A timeless French dessert featuring a silky vanilla custard base finished with a thin, crackling layer of caramelized sugar. The contrast between the cool, creamy custard and the warm, brittle sugar shell is what makes this classic so beloved by pastry chefs and home cooks alike.
Prep Time15 mins
Cook Time45 mins
Total Time60 mins
Servings6
Yield6 ramekins
Nutrition Facts
Per serving (estimated)
- 410 kcalCalories
- 32 gFat
- 19 gSaturated Fat
- 24 gCarbs
- 0 gFiber
- 23 gSugar
- 5 gProtein
- 45 mgSodium
- 95 mgPotassium
- 85 mgCalcium
- 0.4 mgIron
- 0.5 mgVitamin C
- 280 mcgVitamin A
Ingredients
For the Vanilla Custard
- 2 cups (480 ml) heavy cream
- 1 vanilla bean, split and scraped (or 2 tsp pure vanilla extract)
- 5 large egg yolks, room temperature
- 1/2 cup (100 g) granulated sugar
- Pinch of fine sea salt
For the Caramel Topping
- 1/2 cup (100 g) superfine or granulated sugar, for sprinkling
- Boiling water, for the water bath
Directions
- Preheat the oven to 325°F (160°C). Arrange six 6-oz ramekins in a deep roasting pan and bring a kettle of water to a simmer.

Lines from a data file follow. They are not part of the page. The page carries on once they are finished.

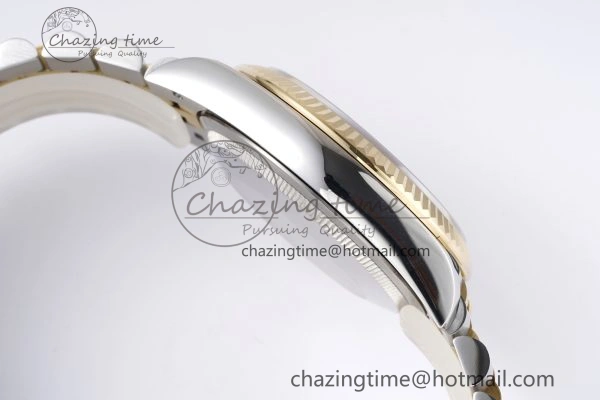 DateJust 36 SS YG 126233 JDF YG Plated 904L Steel White Dial Roman Markers on Jubilee Bracelet V2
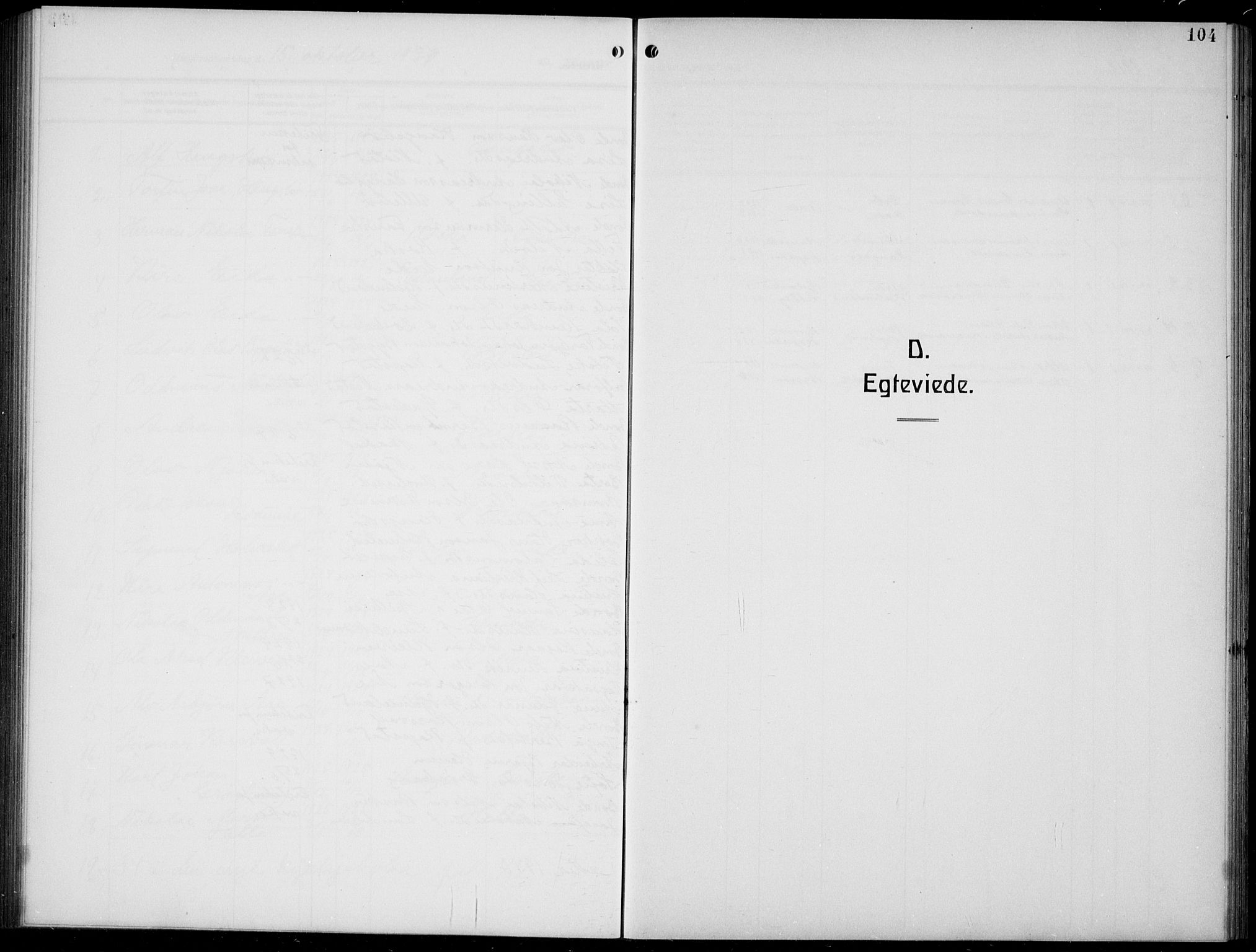 Gaular sokneprestembete, AV/SAB-A-80001/H/Hab: Klokkerbok nr. B 4, 1912-1941, s. 104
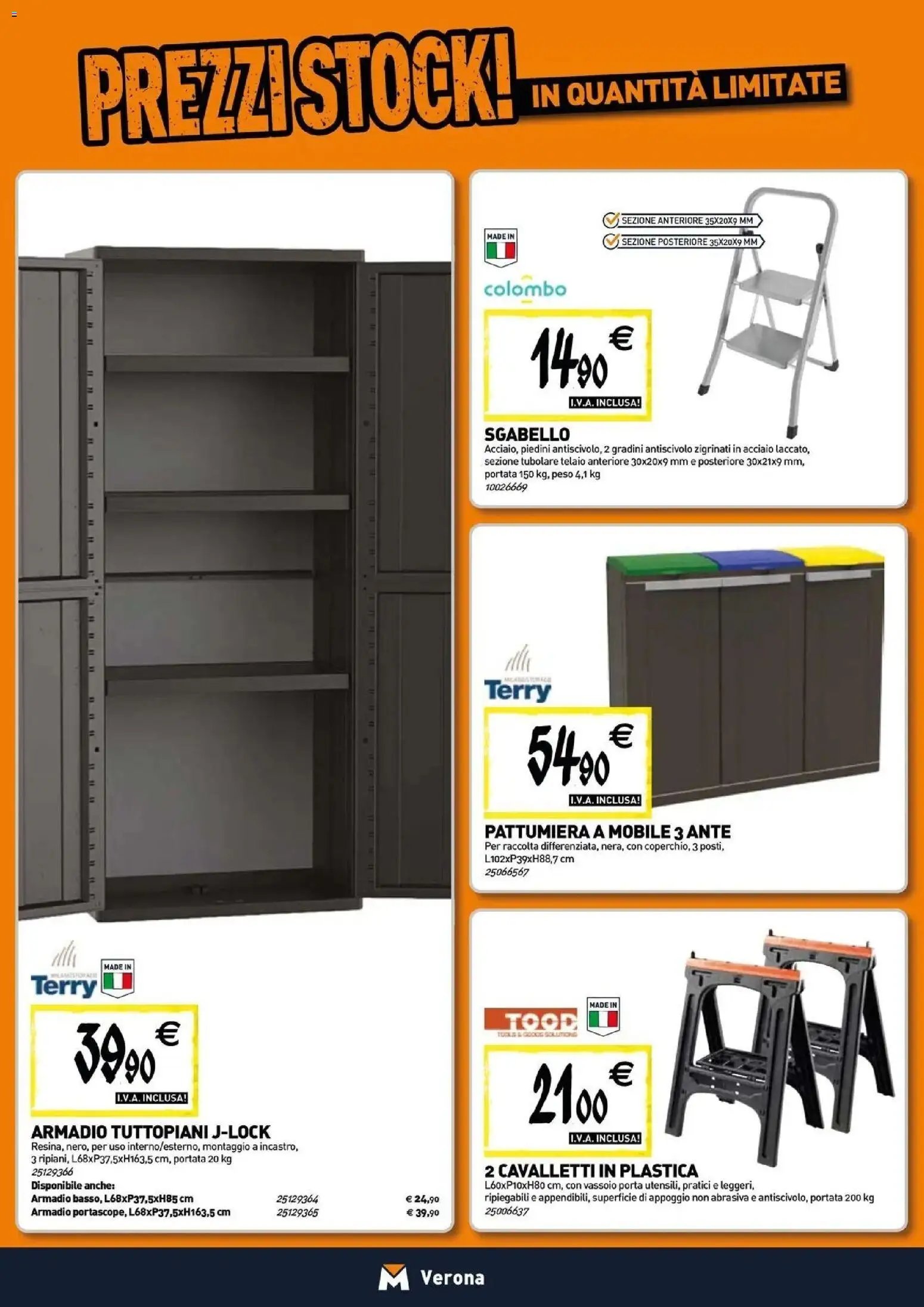 TECNOMAT - Straordinari prezzi stock!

- In a small saucepan, combine the heavy cream with the split vanilla bean and seeds. Heat over medium until steam rises and small bubbles form at the edges, then remove from heat, cover, and steep for 10 minutes.

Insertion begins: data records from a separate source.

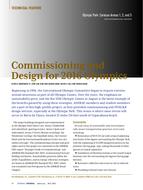 Commissioning and Design for 2016 Olympics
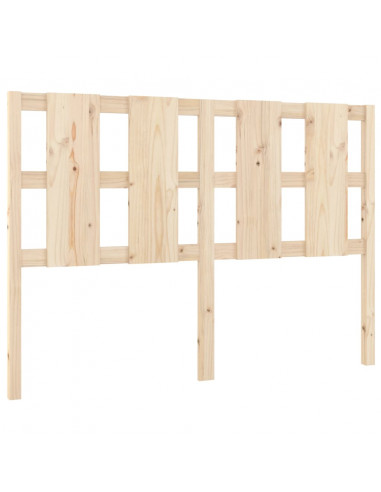 Testiera Letto 125,5x4x100 cm in Legno Massello di Pino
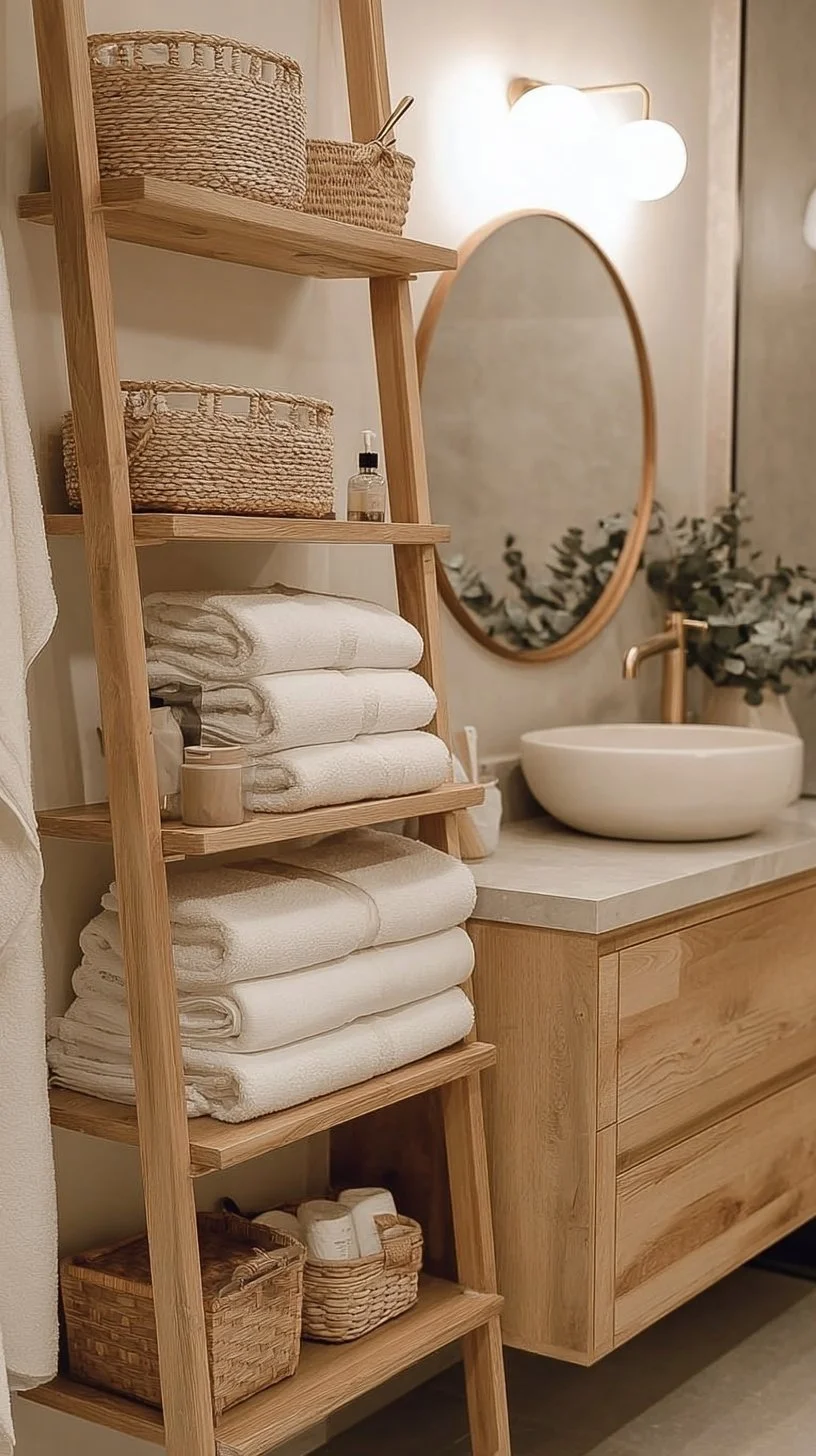 Small Bathroom Ideas with Storage and Ladder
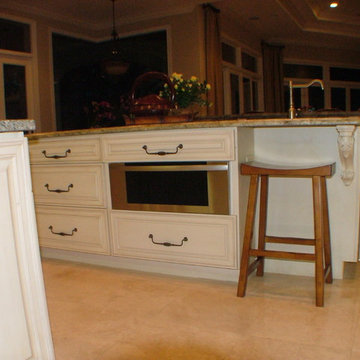 White custom cabinets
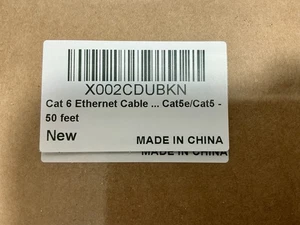 Jadaol Cat 6 Ethernet Cable *50 Ft* Indoor/Outdoor *10Gbps**Fast Shipping** - Picture 1 of 5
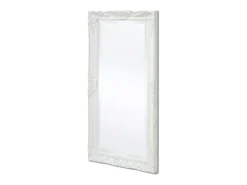 Espejo de pared estilo barroco 100x50 cm blanco
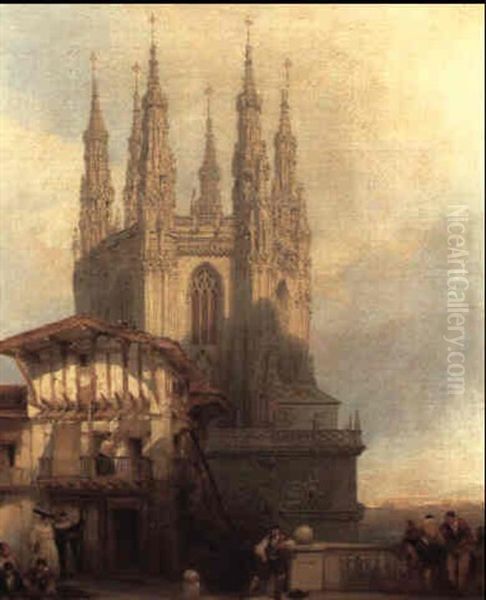 The Entrance To The North Transept, Burgos Cathedral - view 1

- In a medium bowl, whisk the egg yolks, sugar, and salt together until pale, thick, and ribbony, about 2 minutes by hand.
- Slowly drizzle the warm cream into the yolk mixture in a thin stream, whisking constantly to temper. Strain the custard through a fine-mesh sieve into a large measuring cup, discarding the vanilla pod.

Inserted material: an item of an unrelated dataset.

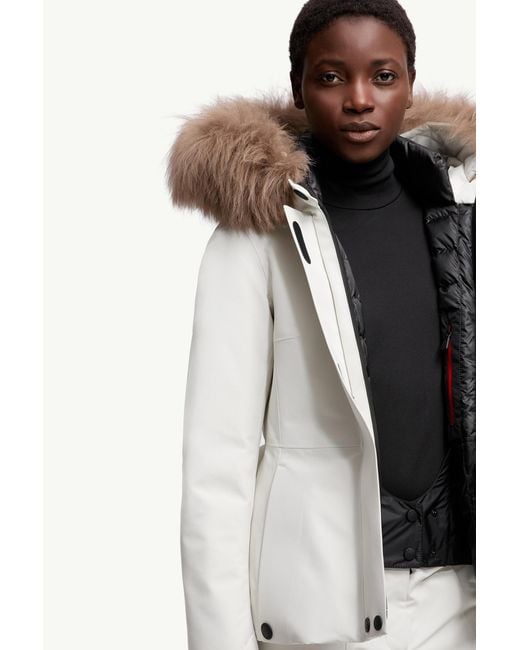 Moncler Laplanceダウンスキージャケット Natural
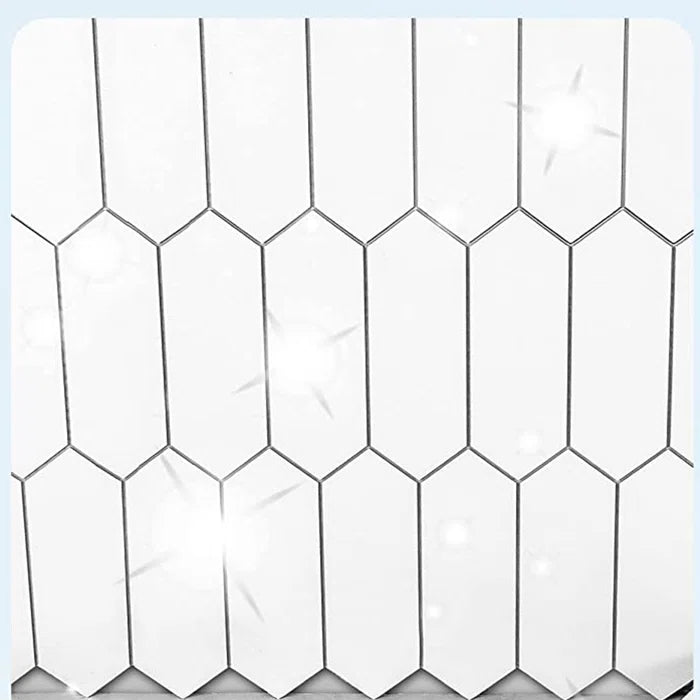 11" x 12" Stone Composite Peel & Stick Mosaic Tile, (10 Pack)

- Divide the custard evenly among the ramekins. Place the pan on the oven rack and carefully pour the hot water into the pan until it reaches halfway up the sides of the ramekins.
- Bake for 40 to 45 minutes, until the custards are set around the edges but still jiggle gently in the center when tapped. Carefully lift the ramekins from the water bath and cool to room temperature, then refrigerate for at least 2 hours or up to 3 days.
- Just before serving, pat the surface of each custard dry with a paper towel. Sprinkle an even, thin layer (about 1 1/2 tsp) of sugar over each, tilting to coat the surface fully.
- Caramelize the sugar with a kitchen torch, sweeping the flame in slow circles until the sugar melts, darkens to a deep amber, and bubbles. Let the crust harden for 2 minutes, then serve immediately.
Cook’s Notes
- Use room-temperature egg yolks and whisk gently to avoid incorporating too much air, which can cause bubbles in the finished custard.
- Do not overbake — the centers should still wobble like set gelatin when you remove them; carryover heat will finish the set.
- A fine-mesh sieve is essential for catching any bits of cooked egg and vanilla pod for an ultra-silky texture.
- Chill the custards thoroughly (at least 2 hours) so the cold interior contrasts dramatically with the hot caramel crust.
- For an even, glassy caramel cap, rotate the ramekin slowly as you torch and stop just as the sugar turns deep amber to avoid burning.